Ex-procuradora venezuelana entrega provas contra Maduro em caso Odebrecht

Bogotá, 3 abr (EFE).- A ex-procuradora-geral da Venezuela Luisa Ortega Díaz entregou nesta terça-feira ao Tribunal Supremo no exílio em Bogotá provas para que a corte abra um julgamento do presidente do país, Nicolás Maduro, por sua suposta participação no escândalo de propinas pagas pela construtora brasileira Odebrecht.

"Explicar o modus operandi utilizado pela Odebrecht vai ajudar a entender o caso no qual estão envolvidos funcionários do alto escalão da República, principalmente Nicolás Maduro Moros", disse Ortega no início de seu pronunciamento na audiência de mérito realizada no Congresso da Colômbia, onde a corte venezuelana funciona no exílio.

O ato contou com a participação dos magistrados do Tribunal Supremo de Justiça que foram cassados pela Assembleia Nacional Constituinte, considerada fraudulenta pela oposição venezuelana e por parte da comunidade internacional.

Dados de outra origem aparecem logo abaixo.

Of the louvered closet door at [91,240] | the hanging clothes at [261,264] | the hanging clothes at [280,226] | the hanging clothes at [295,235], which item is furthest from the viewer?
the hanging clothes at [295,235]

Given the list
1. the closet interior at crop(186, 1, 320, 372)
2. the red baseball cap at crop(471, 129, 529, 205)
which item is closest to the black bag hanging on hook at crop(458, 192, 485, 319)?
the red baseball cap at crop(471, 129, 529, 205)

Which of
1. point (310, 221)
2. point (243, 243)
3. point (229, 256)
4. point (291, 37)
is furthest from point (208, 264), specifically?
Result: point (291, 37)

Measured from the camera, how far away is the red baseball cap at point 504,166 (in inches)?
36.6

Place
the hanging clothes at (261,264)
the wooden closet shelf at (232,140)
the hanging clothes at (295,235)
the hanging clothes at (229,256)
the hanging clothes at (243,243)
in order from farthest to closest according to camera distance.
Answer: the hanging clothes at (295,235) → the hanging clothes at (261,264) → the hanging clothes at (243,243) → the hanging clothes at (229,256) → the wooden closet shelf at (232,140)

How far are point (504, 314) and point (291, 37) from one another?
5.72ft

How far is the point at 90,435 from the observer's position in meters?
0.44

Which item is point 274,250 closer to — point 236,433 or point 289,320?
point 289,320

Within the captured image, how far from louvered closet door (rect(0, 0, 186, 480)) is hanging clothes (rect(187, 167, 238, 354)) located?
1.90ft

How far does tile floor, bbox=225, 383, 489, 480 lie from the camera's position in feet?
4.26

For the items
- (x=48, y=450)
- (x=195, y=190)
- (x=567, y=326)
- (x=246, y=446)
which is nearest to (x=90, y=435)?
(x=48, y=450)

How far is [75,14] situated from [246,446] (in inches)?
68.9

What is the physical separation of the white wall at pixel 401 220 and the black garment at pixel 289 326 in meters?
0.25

O Supremo funciona no exílio e se autodenomina "legítimo" por considerar que o que atua em Caracas foi nomeado "sem que se cumprissem os requisitos constitucionais".

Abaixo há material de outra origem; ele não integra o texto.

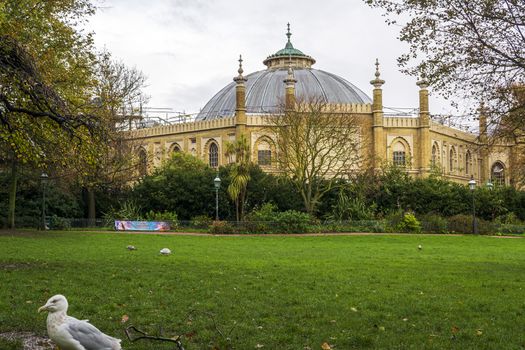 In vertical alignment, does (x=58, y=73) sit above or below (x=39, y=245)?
above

Na audiência de hoje, Ortega entregou documentos nos quais alega que é comprovada a participação de Maduro em casos de propinas da Odebrecht que causaram um "prejuízo ao patrimônio público e um prejuízo à sociedade", e afirmou que as consequências são vistas na "atual crise humanitária" na Venezuela.

A ex-procuradora citou como exemplo de projetos afetados pela corrupção a construção inacabada da segunda ponte sobre o lago de Maracaibo, que custou cerca de US$ 3,2 bilhões aos cofres públicos, quase US$ 800 mil a mais que o orçamento inicial.

"Foram encontradas informações de pelo menos 13 projetos do Estado encomendados à Odebrecht e que estão na mesma situação: a linha 5 do metrô de Caracas, o sistema de transporte público de Caracas", afirmou Ortega.

A ex-procuradora acusou Maduro com base nas delações feitas pelo marqueteiro e assessor político João Santana à Justiça brasileira, segundo as quais o ex-presidente Hugo Chávez e o atual governante receberam propinas para campanhas políticas em troca de contratos com a multinacional.

"Se ganhassem as eleições, iriam favorecer a Odebrecht em diversos projetos e a aumentar o valor de contratos (...) foi tal o compromisso de Maduro que após tomar posse (como presidente) em 19 de abril de 2013, em 4 de maio estava aprovando o número da conta para desembolsar o dinheiro", acrescentou.

Diante destes fatos, Ortega pediu ao tribunal no exílio para analisar as provas e iniciar um julgamento do presidente venezuelano.

Por sua vez, o presidente da corte, Miguel Ángel Martín Tortabú, disse que no próximo dia 9 os demais membros do tribunal tomarão uma decisão com base nas provas e anunciarão, se for o caso, uma data para o julgamento do mérito, também na capital colombiana.